**Directions**
What you return must match the records below character for character, except that no picture appears.
** Data for this task follows **
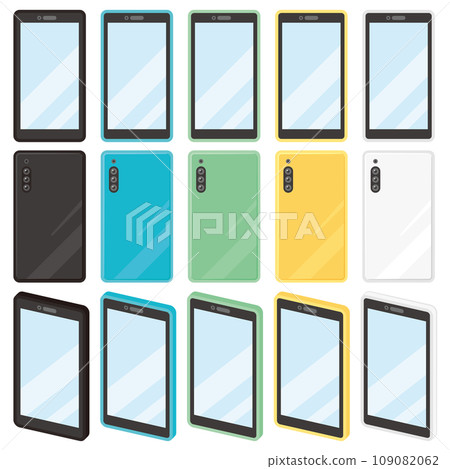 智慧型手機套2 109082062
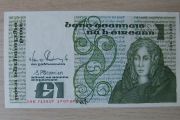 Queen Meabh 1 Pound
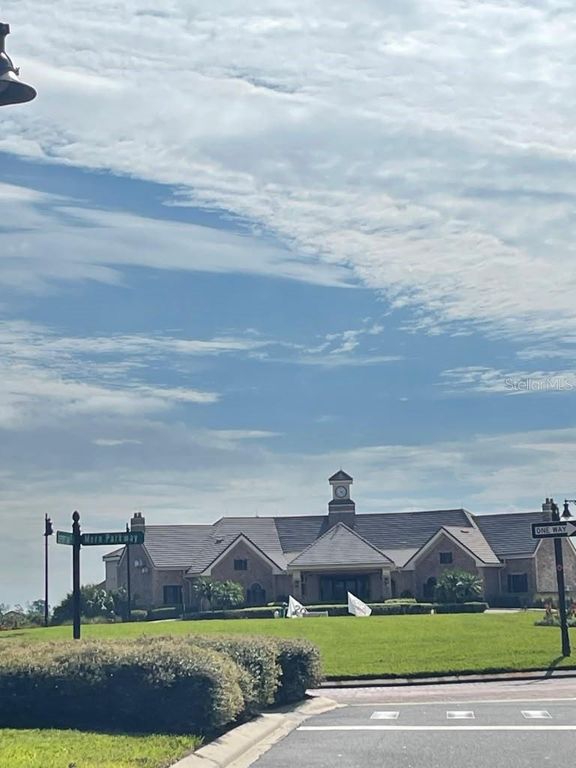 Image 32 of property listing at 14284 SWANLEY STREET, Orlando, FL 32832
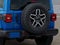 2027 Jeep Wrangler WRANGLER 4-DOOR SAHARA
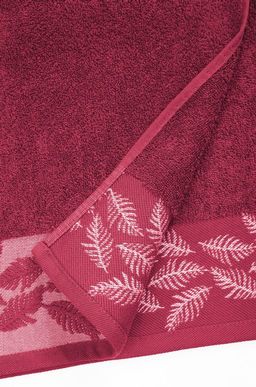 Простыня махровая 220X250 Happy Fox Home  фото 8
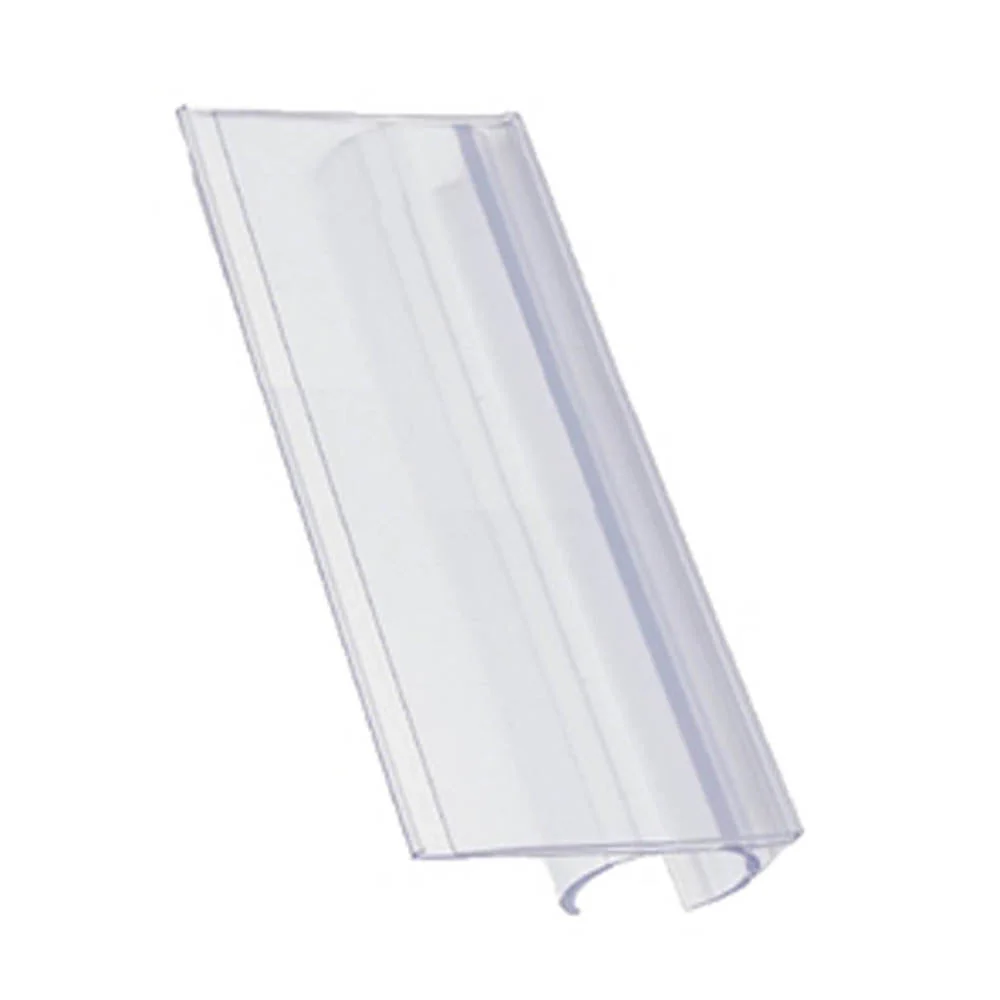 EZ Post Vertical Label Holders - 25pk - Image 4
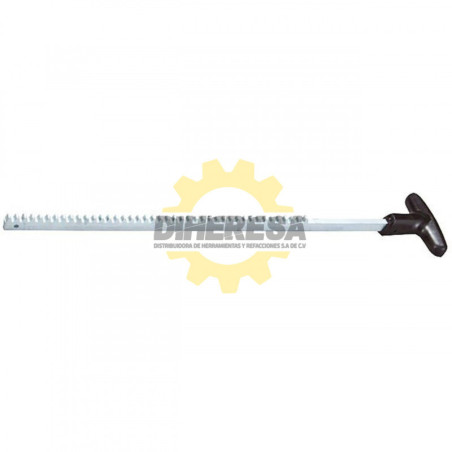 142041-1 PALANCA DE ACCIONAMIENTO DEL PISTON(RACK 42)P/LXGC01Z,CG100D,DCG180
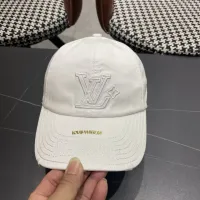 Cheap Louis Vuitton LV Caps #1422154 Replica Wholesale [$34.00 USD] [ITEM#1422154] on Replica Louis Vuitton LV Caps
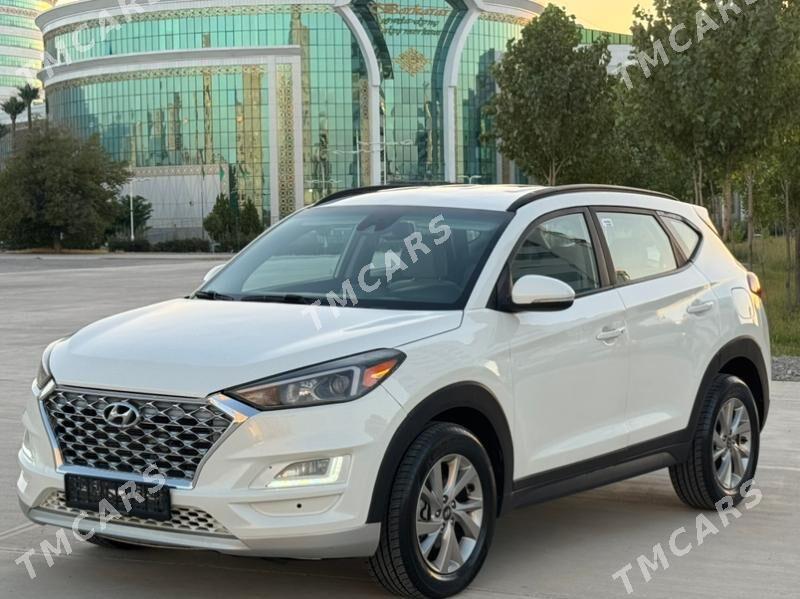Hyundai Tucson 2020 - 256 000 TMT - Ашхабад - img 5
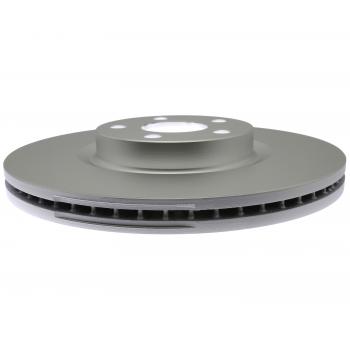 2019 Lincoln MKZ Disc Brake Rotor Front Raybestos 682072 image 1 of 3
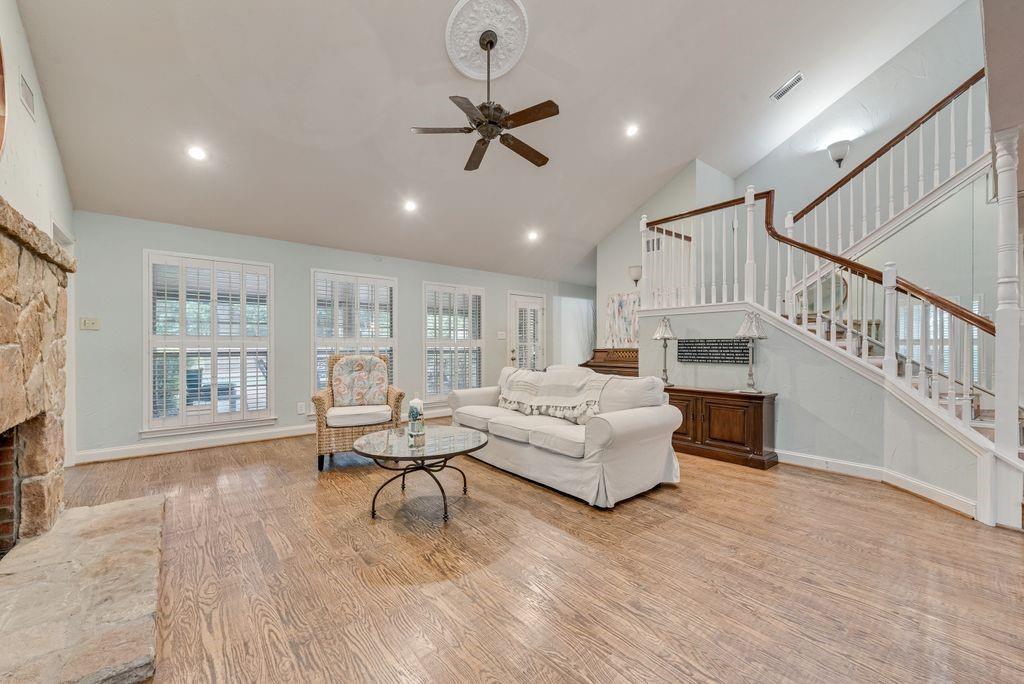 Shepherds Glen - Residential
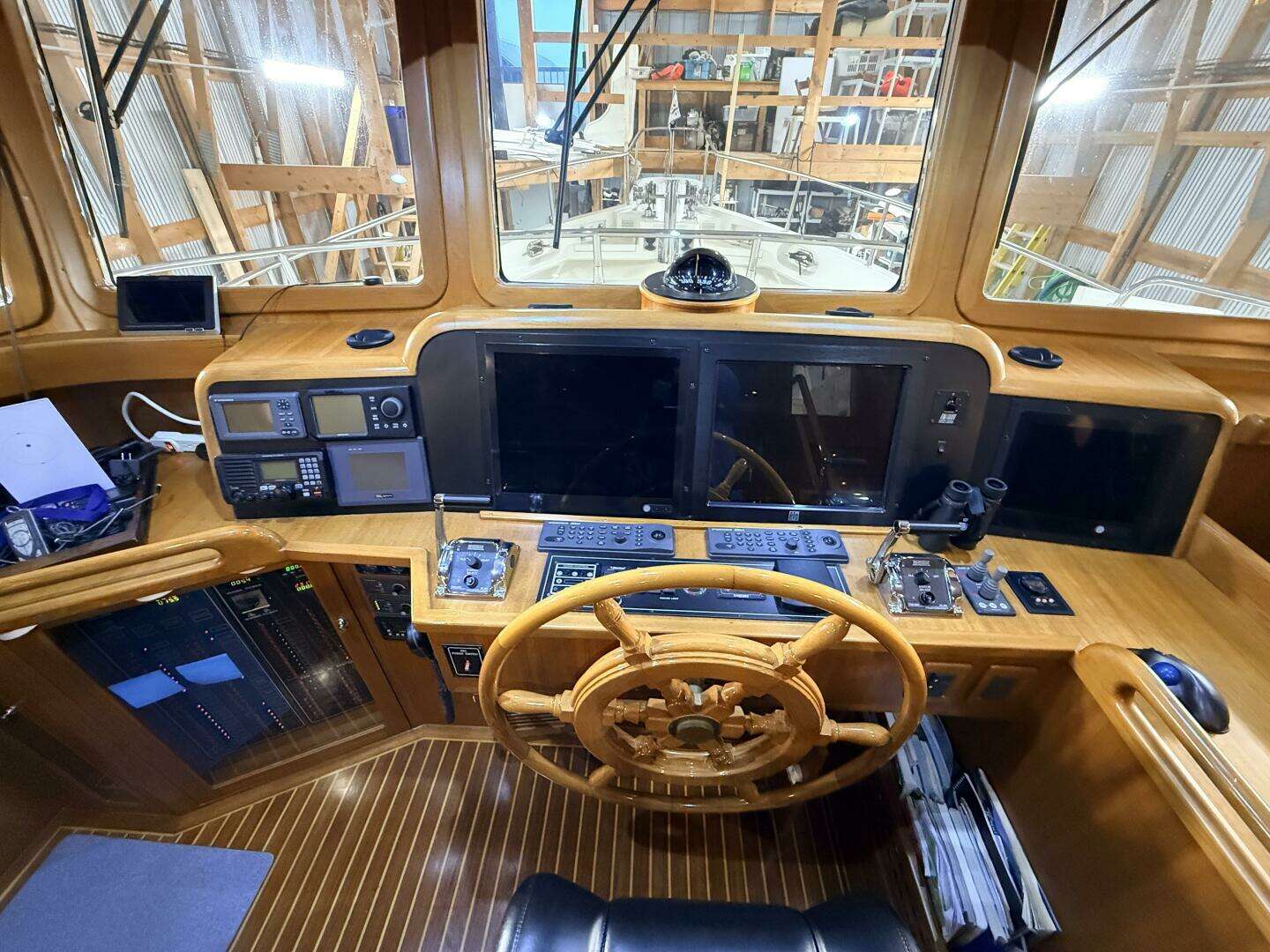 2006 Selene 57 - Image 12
** End of Data for this task **
**Output for this exercise**
 智慧型手機套2 109082062
 Queen Meabh 1 Pound
 Image 32 of property listing at 14284 SWANLEY STREET, Orlando, FL 32832
 2027 Jeep Wrangler WRANGLER 4-DOOR SAHARA
 Простыня махровая 220X250 Happy Fox Home  фото 8
 EZ Post Vertical Label Holders - 25pk - Image 4
 142041-1 PALANCA DE ACCIONAMIENTO DEL PISTON(RACK 42)P/LXGC01Z,CG100D,DCG180
 Cheap Louis Vuitton LV Caps #1422154 Replica Wholesale [$34.00 USD] [ITEM#1422154] on Replica Louis Vuitton LV Caps
Hyundai Tucson 2020 - 256 000 TMT - Ашхабад - img 5
 2019 Lincoln MKZ Disc Brake Rotor Front Raybestos 682072 image 1 of 3
 Shepherds Glen - Residential
 2006 Selene 57 - Image 12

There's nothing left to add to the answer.